FATCA

 

Agreement between the US and the Netherlands for the exchange of information about United States tax subjects

On 18 December 2013, the Kingdom of the Netherlands and the United States of America signed an Inter Governmental Agreement 1. The Inter Governmental Agreement ("IGA") is aimed at improving international tax compliance and implementing FATCA.

ABN AMRO Bank N.V. and ABN AMRO Clearing Bank N.V. are established under Dutch law and have their statutory seat in the Netherlands. Both entities are subject to the NL-US IGA. ABN AMRO Bank N.V. and ABN AMRO Clearing Bank N.V. their subsidiaries and branches:

  • Will comply with the NL-US IGA and other currently applicable IGAs or FATCA regulations in all countries where they do business.

  • Have registered with the US Tax Authority, the Internal Revenue Service (IRS).

  • Will not do business with non-participating FFI's.

Under the FATCA-regulations ABN AMRO Bank N.V. and ABN AMRO Clearing Bank N.V. are classified as a Foreign Financial Institution (FFI), more specifically:

  • A Reporting Model 1 FFI in countries where a model 1 IGA is applicable;

  • A Reporting Model 2 FFI in countries where a model 2 IGA is applicable;

  • A US FI in the United States of America.

The IRS gave the following Global Intermediary Identification Number (GIIN)
GIIN: VQ9CJ6.00000.LE.528 to: ABN AMRO Bank N.V.
GIIN: VQ9CJ6.00001.ME.528 to: ABN AMRO Clearing Bank N.V.

Currently ABN AMRO Bank N.V. and ABN AMRO Clearing Bank N.V. do not have entities in countries without an agreement with the US about United States Tax subjects (so called FATCA-countries.) For a complete overview of the ABN AMRO Bank N.V. and ABN AMRO Clearing Bank N.V. FFI's registered with the IRS, refer to the IRS-website. For an overview of our subsidiaries world wide, refer to our page about subsidiaries and other entities .

ABN AMRO's FATCA/CRS classificaties

Frequently asked questions

FATCA, which stands for Foreign Account Tax Compliance Act, is intended to make United States tax subjects who hold assets outside the United States correctly file tax returns to the United States tax authorities, the IRS. The Dutch government has made reciprocal agreements with the United States government regarding the exchange of certain details.
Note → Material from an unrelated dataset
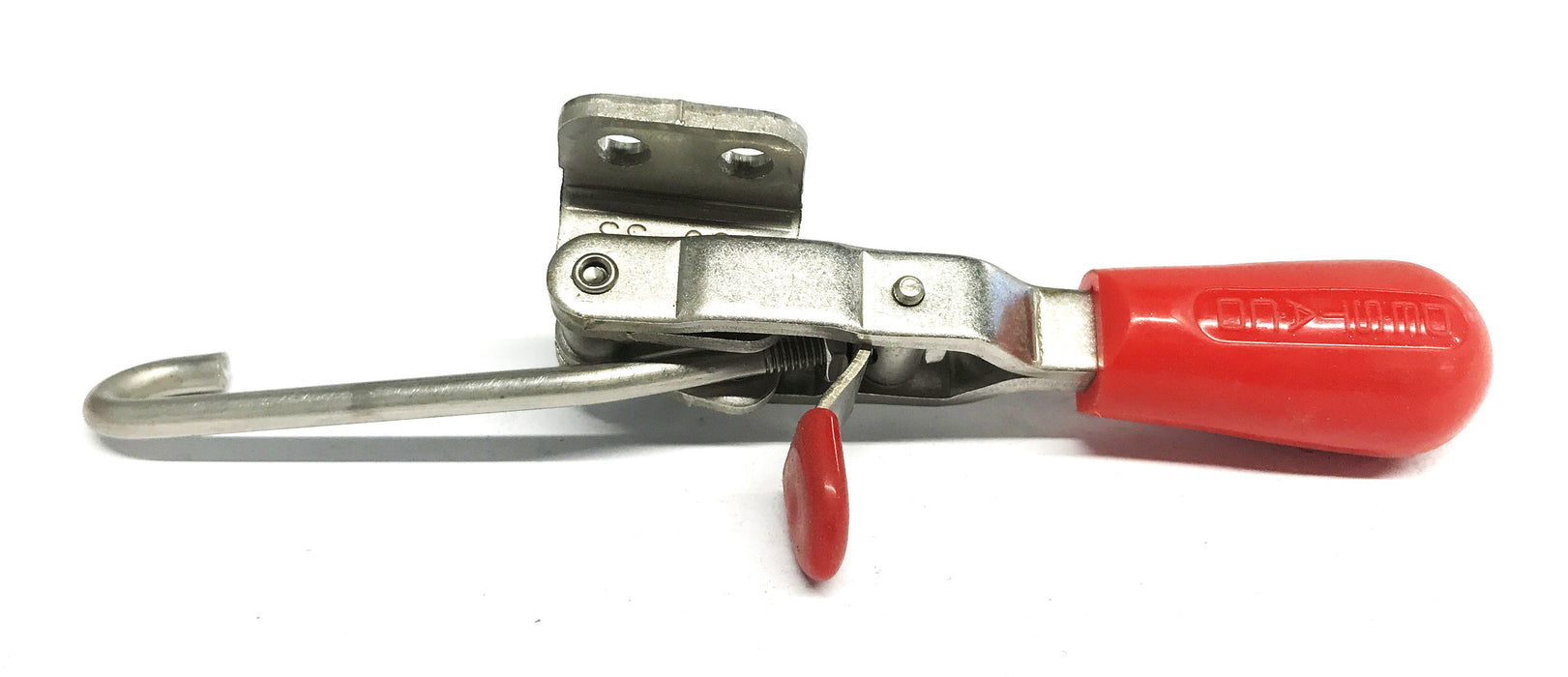 Destaco Pull Action Clamp 330-SS [Lot of 2] NOS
As of 1 July 2014, all Dutch financial institutions are required by law to provide the Dutch Tax and Customs Administration with information about customers who could have United States tax liability. As of 2015, the Dutch Tax and Customs Administration forwards this information to the IRS.

If you have tax liability, this means that you are obliged to file a tax return in the United States. Whether you are required to pay tax depends, among other things, on the tax treaty between the Netherlands and the United States or, for instance, your income.